[[ EXERCISE MATERIALS open ]]

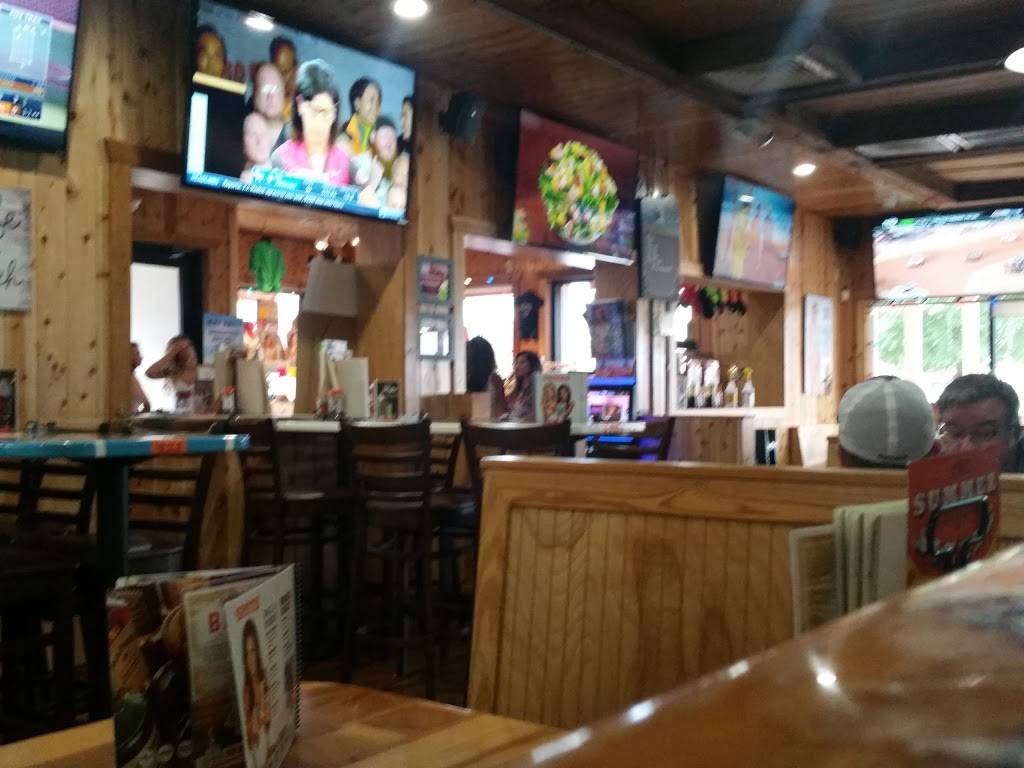 Hooters | meal takeaway | 13606 Bruce B Downs Blvd, Tampa, FL 33613, USA | 8139721682 OR +1 813-972-1682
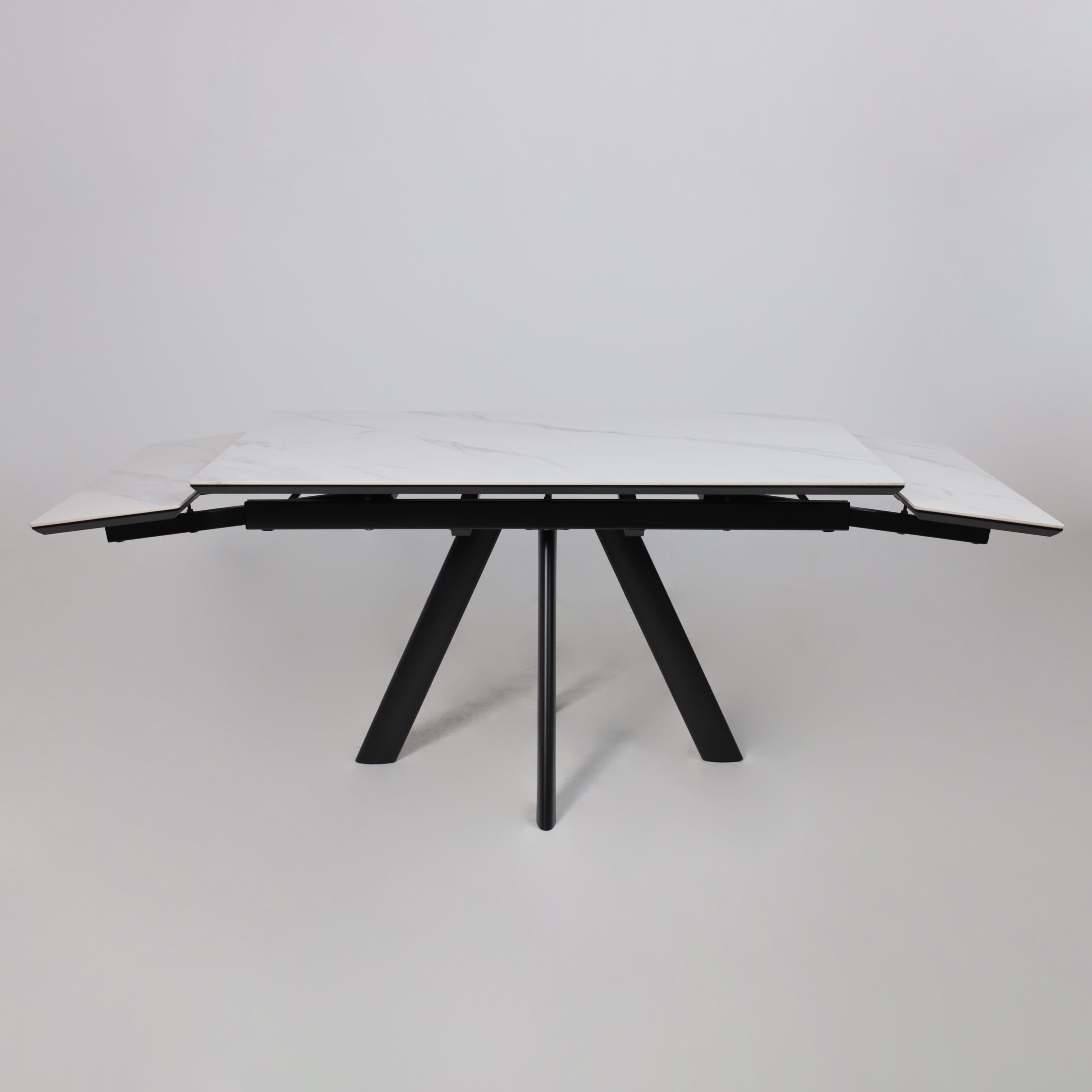 Стол JACK-140, раздвижной 140(30+30)х85, CALAKATTA ST CER/Черный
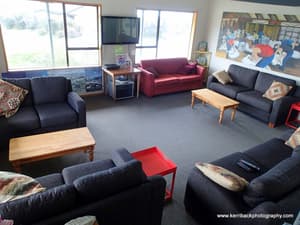 thumbnail: Lounge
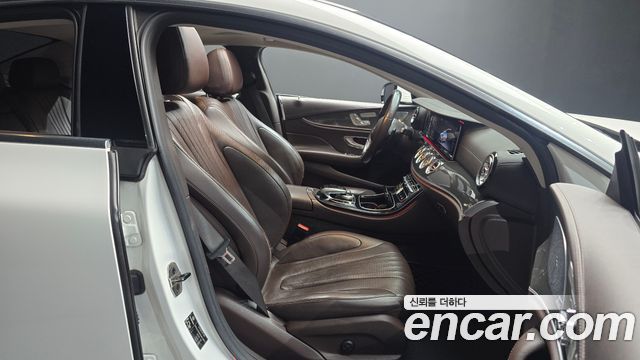 Mercedes-Benz CLS-Class 2019 — photo 16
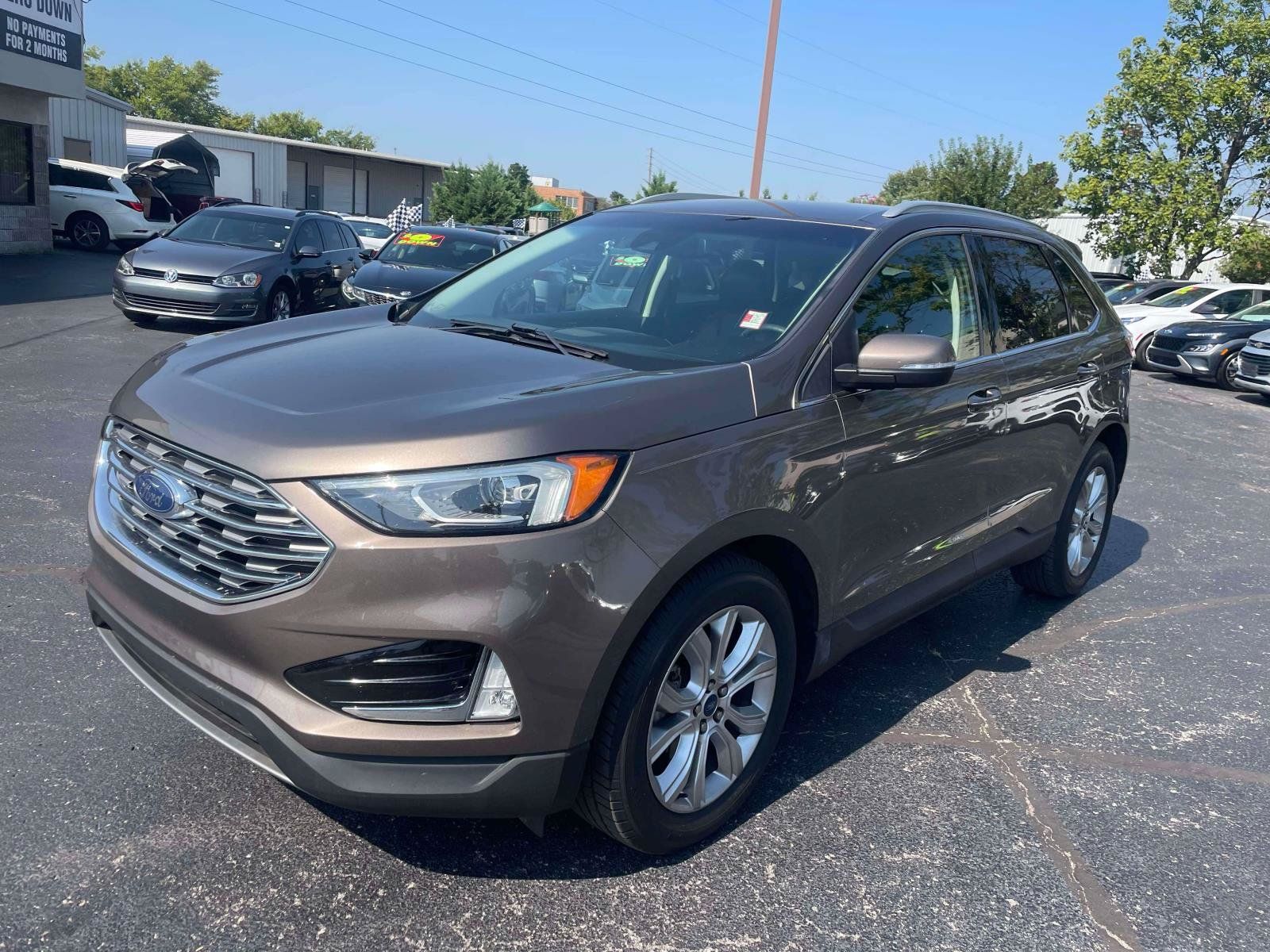 Used 2019 Ford Edge Titanium FWD image 3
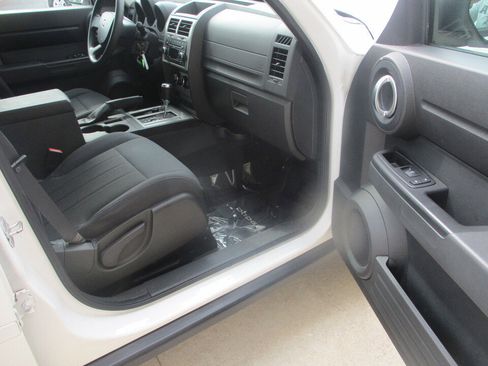 Used 2011 Dodge Nitro SE AWD/4WD image 28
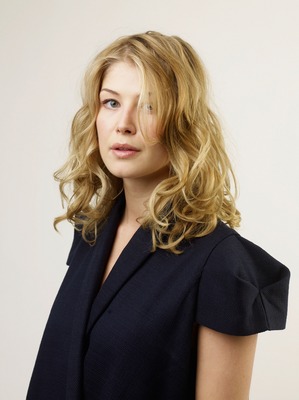 Rosamund Pike Poster 2083758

[[ EXERCISE MATERIALS closed ]]

**INSTRUCTIONS FOR THE TASK**. Each line from the one with "thumbnail: Lounge" to the last line of the listing should be returned exactly, both ends included, and no picture with them.

**EXERCISE RESULT**.
 thumbnail: Lounge
 Mercedes-Benz CLS-Class 2019 — photo 16
 Used 2019 Ford Edge Titanium FWD image 3
 Used 2011 Dodge Nitro SE AWD/4WD image 28
 Rosamund Pike Poster 2083758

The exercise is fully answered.